Salt Lake City (USA) – Dopo mesi di riserbo, negli scorsi giorni SCO Group ha fatto il nome di una delle tecnologie contenute in Linux che, a suo dire, violano le proprietà intellettuali di UNIX.
La tecnologia in questione è Unix Executable and Linking Format (ELF), una specifica abbracciata dalla Linux Standard Base che Linux utilizza ormai da molti anni come formato standard per i file eseguibili e le librerie.
Stando a quanto affermato da Sandeep Gupta, vice president of engineering di SCO, ELF è un mattone fondamentale del sistema operativo : “tolto quello, tutto il resto crolla”. Un mattone, per altro, difficilmente sostituibile.
“ELF non è qualcosa che la comunità Linux può semplicemente riscrivere”, ha commentato Blake Stowell, un portavoce di SCO.
Secondo quanto spiegato in un articolo apparso su LinuxWorld.com , ELF è stato originariamente sviluppato dagli Unix System Labs di AT&T all’inizio degli anni ’90.

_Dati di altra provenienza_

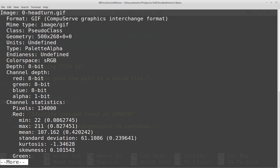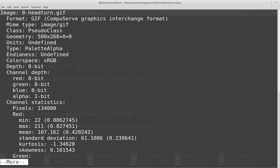Here I have channel statistics showing red, green, and blue. Red min is 22, red max is 211, and the mean is 107. That might be something I could use — for example, detecting the mean red value and comparing across frames. Green has a mean of 91, blue has a mean of 75. This is for the first frame of the GIF. It looks like I might be able to do something with the red, green, blue values in the image statistics overall.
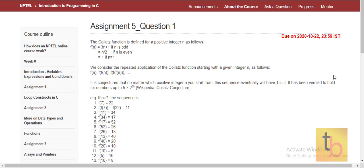Hello everyone, welcome to Technology Begins. In this video we will see Introduction to Programming in C, Assignment 5 NPTEL questions. Let's see Question 1 of Assignment 5.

Nel 1995, lo stesso anno in cui AT&T vendette Unix a Novell, le specifiche di ELF vennero pubblicate dal Tool Interface Standard Committee (TISC) – un gruppo di cui facevano parte Microsoft, Novell, IBM, Intel e la stessa SCO – sotto una licenza non esclusiva e libera da royalty. Licenza che, secondo i membri della comunità open source, avrebbe di fatto reso tale tecnologia di pubblico dominio .

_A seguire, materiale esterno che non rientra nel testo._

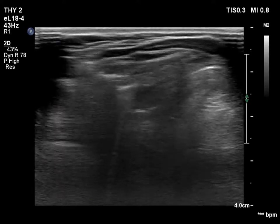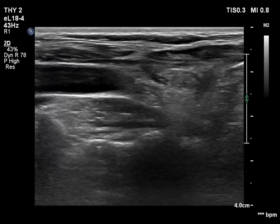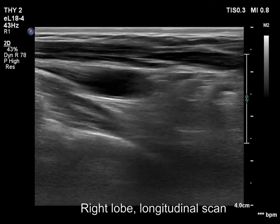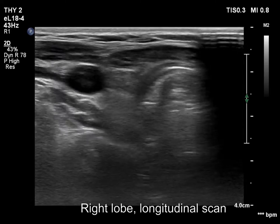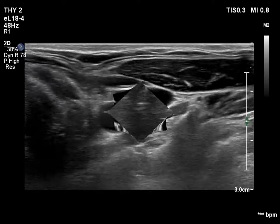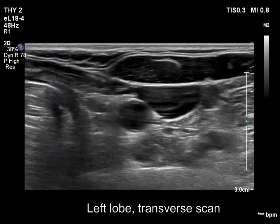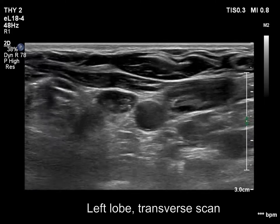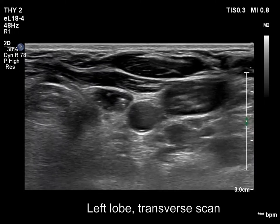There is no thyroid tissue according to the right lobe. Mostly connective tissue has replaced the thyroid. There was a cystic mass surrounded with connective tissue in the left thyroid bed.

Oggi, a nove anni di distanza, SCO reclama la proprietà di ELF e afferma che TISC non aveva il diritto di rendere pubblica la specifica : poco importa se di questo gruppo, poi scioltosi, facessero parte le stesse proprietarie di UNIX, Novell e la vecchia SCO (Santa Cruz Operation).
“Se quest’accusa è corretta, SCO non dovrebbe prendersela con gli sviluppatori Linux (che dopotutto hanno la sola colpa di aver utilizzato una tecnologia pubblicamente disponibile) ma con la defunta TISC, di cui lei era un membro”, ha scritto il sito inglese Linux Format , che ha poi ironizzato sulla faccenda affermando che “il prossimo bersaglio di SCO potrebbe proprio essere SCO”.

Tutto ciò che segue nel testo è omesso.